In the meantime, the status quo has become dangerously unstable. The Occupation of the West Bank has been cited by many former members of the Israel Defence Forces (IDF) and Israeli intelligence services as an “existential threat” to Israel. Israeli humanitarian organizations such as B’Tselem and Breaking the Silence (an organization of former IDF soldiers) have revealed to the long-in-denial Israeli public the truth about the constant abuses and unjustified killings perpetrated by the IDF and illegal settlers in the West Bank. The horrific bombardment of Gaza in 2014 is broadly seen as excessive, even unjustified, and the violent aggression of the settler movement, which is often openly supported by the current Israeli government, has sharply divided Israeli society.

And the world is now paying attention. European governments, in particular, have become more critical of Israeli policy. Anti-Occupation movements have gained credibility. The BDS—Boycott, Divestment, Sanctions—movement has gained widespread international support. This is the case even in the US, where the formerly unqualified support for Israel across a wide social and political spectrum has been markedly eroded.

Some of those former Israeli officials go so far as to say that Israel now faces a stark, almost inconceivable choice: either be a democracy or a Jewish state. For a country that prides itself on being “the only true democracy” in the Middle East and staunchly upholds itself as the Jewish homeland, this is indeed an existential question.

Each side blames the other for the impasse, but, stripping away the political posturing, the simple truth is that the Two-State Solution has never been a realistic option. It is, in fact, impossible.

The first reason is Israel’s stated security requirements. Israel has made it quite clear that it, and not a Palestinian state, must control security along the Jordan River and on the Mediterranean shore. All of the Palestinian state’s defense, immigration policy, and commercial traffic, even tourist entries, would therefore be under Israel’s control. There would be no national Palestinian army, only a limited police force. Superficially, given the potential outside threats to Israel in the region, this seems reasonable, but the effect of it would be to turn the Palestinian “state” into at best be a semi-autonomous province, certainly not an independent nation. So on the issue of exterior security alone, the notion of two states founders.

Aggravating the situation is the powerful settler movement, which strenuously resists all attempts to cede any part of “Judea and Samaria,” i.e., the West Bank, and wants to establish absolute Jewish control over the entire area. Its proponents not only aggressively erect outposts deep in the West Bank, they exert disproportionate influence in Israeli politics, leading the Israeli government to establish a network of settlements and Israeli-only roads throughout the West Bank (combined with the ubiquitous IDF checkpoints on Palestinian roads). These are all indisputably illegal under international law and have turned the West Bank into what is in effect a series of Palestinian-inhabited islands, rather than a contiguous Palestinian territory. Again, not a format for an independent Palestinian state.

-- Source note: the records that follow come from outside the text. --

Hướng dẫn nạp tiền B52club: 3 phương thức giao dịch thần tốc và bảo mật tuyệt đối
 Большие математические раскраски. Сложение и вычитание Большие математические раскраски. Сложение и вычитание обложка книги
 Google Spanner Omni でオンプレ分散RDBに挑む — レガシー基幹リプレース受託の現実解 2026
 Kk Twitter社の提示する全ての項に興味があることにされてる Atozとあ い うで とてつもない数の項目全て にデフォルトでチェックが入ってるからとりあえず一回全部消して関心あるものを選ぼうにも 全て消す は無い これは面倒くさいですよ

In view of the influence of the settler movement and the support given it by the Netanyahu government, the Two-State Solution, far from being a realistic proposal, appears more and more to be, in reality, a delaying tactic, allowing Israel to continue to promote settlements and consolidate control of the West Bank. It is political expediency on the part of Netanyahu, catering to the settler lobby in order to keep his job.

(It is perhaps also personal cowardice. It was a settler who murdered Yitzhak Rabin for signing the Oslo Accords, which established the Palestinian Authority and gave it control of land in Gaza in the West Bank. That man, Yigal Amir, is a hero to the settler movement, which regularly petitions for his release from prison. It is quite reasonable for Netanyahu to feel his life would be in danger if he antagonized the settlers and their allies.)

The ongoing stalemate has recently led some in Israel to start openly speaking about the “One-State Solution,” a once derided idea that now is gaining traction as perhaps the only path remaining out of the current quagmire. Given that Israel already dominates the West Bank and given the long-held Zionist aim of inhabiting the same area as the ancient Jews, one might think that establishing a single unified state through annexation would have happened long ago. This actually has been proposed recently by Israeli President Reuben Rivlin, no less, who, based on a model developed by Jerusalem Post journalist Caroline Glick, would annex the West Bank and Gaza and give Palestinians full equal rights as citizens of Israel.

But there is a stumbling block to such a simple solution. In a single, merged state, Jews would constitute, instead of the current eighty percent of Israelis, only slightly over half the total population. The current twenty-percent non-Jewish minority is not a threat to Jewish dominance, but fifty percent would be. Glick’s model expressly assumes that Jews will remain the majority ethnicity. This is doubtful. Others within Israel have suggested alternatives to retain Jewish control, such as citizenship for the Palestinians, but with no right to vote representatives to the parliament, the Knesset. The suggestion is shocking, of course, not just on its face, but because it clearly expected to be taken seriously.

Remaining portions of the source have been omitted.